The research database is called WORLD CAT. My brain could only register cat while sitting here and being attacked. Of course the brevity of my writing also entails my brain being shut on and off, like a light switch as I cannot access my thoughts or write at any length on a real topic. I can definitely get into ranting and hate topics, which are part of the general discrediting of my ongoing character assassination scheme. (!)

I can easily get into how the hacking makes writing impossible. I can never get into my real ideas or concepts and after endless struggle to simply type, my fingers not able to move to keys I get tangled up in confusion physically--my brain literally begins to "hurt" from exertion, exhaustion, blanking out of memory and ability to focus or concentrate.
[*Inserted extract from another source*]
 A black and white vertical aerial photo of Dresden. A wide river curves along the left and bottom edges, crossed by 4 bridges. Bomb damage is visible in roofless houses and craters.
A great thing for the media people stealing concepts as they profit off the ideas they steal from my writings and I remain mostly sitting in pain, paralyzed from their orders to keep me paralyzed, incapacitated, and then unable to write out my ideas which they capitalize on. Then the rest of the violence cascades in every direction, every moment and they go off smug and being paid in millions for it. As the prototype or one of them for this situation, the stakes for participation are so extremely high, it surely demonstrates the utter lack of credibility and ethical standard in Whorewood and the real mentality that exists in the media. Alas, all the people hacking are either observing and won't get involved, or are part of this general #Me Only assault situation. 

Oh...just a side note--another HUGE tax cut for the very wealthy from the H-wood reality tv show personality who ---oh, well, I risk a lot for writing about the reality of this tv media tyranny tirade "dark web" show that you hackers/readers are all hacking into. It's like a daily soap opera for sadists and perverted parasites. As I write and write about. 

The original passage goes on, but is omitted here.